◆ EXERCISE DIRECTIONS
Reproduce each record exactly, leaving out no line.

+ + + +

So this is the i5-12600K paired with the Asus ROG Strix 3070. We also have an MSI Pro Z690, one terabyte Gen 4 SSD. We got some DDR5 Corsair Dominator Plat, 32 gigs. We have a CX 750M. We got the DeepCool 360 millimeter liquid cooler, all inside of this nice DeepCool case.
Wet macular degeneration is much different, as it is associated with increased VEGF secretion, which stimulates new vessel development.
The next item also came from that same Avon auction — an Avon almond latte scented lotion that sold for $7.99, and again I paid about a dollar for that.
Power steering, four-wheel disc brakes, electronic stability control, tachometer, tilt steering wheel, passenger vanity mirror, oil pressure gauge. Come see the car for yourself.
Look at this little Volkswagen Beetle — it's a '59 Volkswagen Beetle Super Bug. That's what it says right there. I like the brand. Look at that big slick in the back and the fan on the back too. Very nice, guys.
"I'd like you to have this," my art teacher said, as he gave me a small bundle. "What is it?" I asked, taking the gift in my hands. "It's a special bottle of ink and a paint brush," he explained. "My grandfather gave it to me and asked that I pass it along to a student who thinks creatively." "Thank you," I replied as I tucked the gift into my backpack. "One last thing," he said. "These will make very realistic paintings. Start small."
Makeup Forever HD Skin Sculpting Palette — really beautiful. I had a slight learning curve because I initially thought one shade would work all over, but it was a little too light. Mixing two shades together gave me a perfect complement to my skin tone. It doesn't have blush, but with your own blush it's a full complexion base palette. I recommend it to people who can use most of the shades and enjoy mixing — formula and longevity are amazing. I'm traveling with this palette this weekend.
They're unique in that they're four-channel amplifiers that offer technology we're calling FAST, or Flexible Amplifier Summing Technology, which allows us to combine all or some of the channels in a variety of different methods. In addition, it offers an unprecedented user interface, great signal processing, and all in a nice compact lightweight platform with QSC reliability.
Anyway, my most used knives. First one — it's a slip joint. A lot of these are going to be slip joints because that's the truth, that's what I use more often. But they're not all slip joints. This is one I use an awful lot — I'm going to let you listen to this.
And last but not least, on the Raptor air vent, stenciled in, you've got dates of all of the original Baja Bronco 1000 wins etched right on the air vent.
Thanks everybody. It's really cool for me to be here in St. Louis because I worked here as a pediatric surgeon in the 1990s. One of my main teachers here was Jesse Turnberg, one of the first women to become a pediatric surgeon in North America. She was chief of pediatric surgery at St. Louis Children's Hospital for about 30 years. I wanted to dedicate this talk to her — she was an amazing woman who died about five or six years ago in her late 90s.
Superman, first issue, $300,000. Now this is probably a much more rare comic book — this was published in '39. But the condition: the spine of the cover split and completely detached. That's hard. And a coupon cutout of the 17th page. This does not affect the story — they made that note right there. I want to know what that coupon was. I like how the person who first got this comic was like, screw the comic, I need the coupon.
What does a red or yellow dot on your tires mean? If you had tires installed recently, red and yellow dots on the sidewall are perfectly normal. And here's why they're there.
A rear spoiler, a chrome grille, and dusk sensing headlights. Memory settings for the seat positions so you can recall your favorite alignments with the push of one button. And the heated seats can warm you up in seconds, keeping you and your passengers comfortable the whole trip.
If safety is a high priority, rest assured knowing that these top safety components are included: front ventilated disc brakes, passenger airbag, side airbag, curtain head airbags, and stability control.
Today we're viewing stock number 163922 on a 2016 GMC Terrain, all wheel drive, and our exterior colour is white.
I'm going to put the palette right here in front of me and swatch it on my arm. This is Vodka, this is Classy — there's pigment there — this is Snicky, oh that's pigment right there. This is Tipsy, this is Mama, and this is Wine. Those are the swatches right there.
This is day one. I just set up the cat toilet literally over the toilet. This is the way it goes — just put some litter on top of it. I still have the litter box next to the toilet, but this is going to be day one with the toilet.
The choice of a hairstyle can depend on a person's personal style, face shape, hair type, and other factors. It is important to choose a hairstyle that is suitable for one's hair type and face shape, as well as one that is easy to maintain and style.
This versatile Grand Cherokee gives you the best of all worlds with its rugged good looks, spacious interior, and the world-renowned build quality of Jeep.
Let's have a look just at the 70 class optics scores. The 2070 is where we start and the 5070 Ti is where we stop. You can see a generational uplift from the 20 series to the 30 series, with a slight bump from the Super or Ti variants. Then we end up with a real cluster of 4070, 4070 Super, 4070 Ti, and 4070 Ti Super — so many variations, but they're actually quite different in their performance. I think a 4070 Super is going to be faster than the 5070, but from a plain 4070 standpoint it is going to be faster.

+ + + +

◆ RESPONSE
So this is the i5-12600K paired with the Asus ROG Strix 3070. We also have an MSI Pro Z690, one terabyte Gen 4 SSD. We got some DDR5 Corsair Dominator Plat, 32 gigs. We have a CX 750M. We got the DeepCool 360 millimeter liquid cooler, all inside of this nice DeepCool case.
Wet macular degeneration is much different, as it is associated with increased VEGF secretion, which stimulates new vessel development.
The next item also came from that same Avon auction — an Avon almond latte scented lotion that sold for $7.99, and again I paid about a dollar for that.
Power steering, four-wheel disc brakes, electronic stability control, tachometer, tilt steering wheel, passenger vanity mirror, oil pressure gauge. Come see the car for yourself.
Look at this little Volkswagen Beetle — it's a '59 Volkswagen Beetle Super Bug. That's what it says right there. I like the brand. Look at that big slick in the back and the fan on the back too. Very nice, guys.
"I'd like you to have this," my art teacher said, as he gave me a small bundle. "What is it?" I asked, taking the gift in my hands. "It's a special bottle of ink and a paint brush," he explained. "My grandfather gave it to me and asked that I pass it along to a student who thinks creatively." "Thank you," I replied as I tucked the gift into my backpack. "One last thing," he said. "These will make very realistic paintings. Start small."
Makeup Forever HD Skin Sculpting Palette — really beautiful. I had a slight learning curve because I initially thought one shade would work all over, but it was a little too light. Mixing two shades together gave me a perfect complement to my skin tone. It doesn't have blush, but with your own blush it's a full complexion base palette. I recommend it to people who can use most of the shades and enjoy mixing — formula and longevity are amazing. I'm traveling with this palette this weekend.
They're unique in that they're four-channel amplifiers that offer technology we're calling FAST, or Flexible Amplifier Summing Technology, which allows us to combine all or some of the channels in a variety of different methods. In addition, it offers an unprecedented user interface, great signal processing, and all in a nice compact lightweight platform with QSC reliability.
Anyway, my most used knives. First one — it's a slip joint. A lot of these are going to be slip joints because that's the truth, that's what I use more often. But they're not all slip joints. This is one I use an awful lot — I'm going to let you listen to this.
And last but not least, on the Raptor air vent, stenciled in, you've got dates of all of the original Baja Bronco 1000 wins etched right on the air vent.
Thanks everybody. It's really cool for me to be here in St. Louis because I worked here as a pediatric surgeon in the 1990s. One of my main teachers here was Jesse Turnberg, one of the first women to become a pediatric surgeon in North America. She was chief of pediatric surgery at St. Louis Children's Hospital for about 30 years. I wanted to dedicate this talk to her — she was an amazing woman who died about five or six years ago in her late 90s.
Superman, first issue, $300,000. Now this is probably a much more rare comic book — this was published in '39. But the condition: the spine of the cover split and completely detached. That's hard. And a coupon cutout of the 17th page. This does not affect the story — they made that note right there. I want to know what that coupon was. I like how the person who first got this comic was like, screw the comic, I need the coupon.
What does a red or yellow dot on your tires mean? If you had tires installed recently, red and yellow dots on the sidewall are perfectly normal. And here's why they're there.
A rear spoiler, a chrome grille, and dusk sensing headlights. Memory settings for the seat positions so you can recall your favorite alignments with the push of one button. And the heated seats can warm you up in seconds, keeping you and your passengers comfortable the whole trip.
If safety is a high priority, rest assured knowing that these top safety components are included: front ventilated disc brakes, passenger airbag, side airbag, curtain head airbags, and stability control.
Today we're viewing stock number 163922 on a 2016 GMC Terrain, all wheel drive, and our exterior colour is white.
I'm going to put the palette right here in front of me and swatch it on my arm. This is Vodka, this is Classy — there's pigment there — this is Snicky, oh that's pigment right there. This is Tipsy, this is Mama, and this is Wine. Those are the swatches right there.
This is day one. I just set up the cat toilet literally over the toilet. This is the way it goes — just put some litter on top of it. I still have the litter box next to the toilet, but this is going to be day one with the toilet.
The choice of a hairstyle can depend on a person's personal style, face shape, hair type, and other factors. It is important to choose a hairstyle that is suitable for one's hair type and face shape, as well as one that is easy to maintain and style.
This versatile Grand Cherokee gives you the best of all worlds with its rugged good looks, spacious interior, and the world-renowned build quality of Jeep.
Let's have a look just at the 70 class optics scores. The 2070 is where we start and the 5070 Ti is where we stop. You can see a generational uplift from the 20 series to the 30 series, with a slight bump from the Super or Ti variants. Then we end up with a real cluster of 4070, 4070 Super, 4070 Ti, and 4070 Ti Super — so many variations, but they're actually quite different in their performance. I think a 4070 Super is going to be faster than the 5070, but from a plain 4070 standpoint it is going to be faster.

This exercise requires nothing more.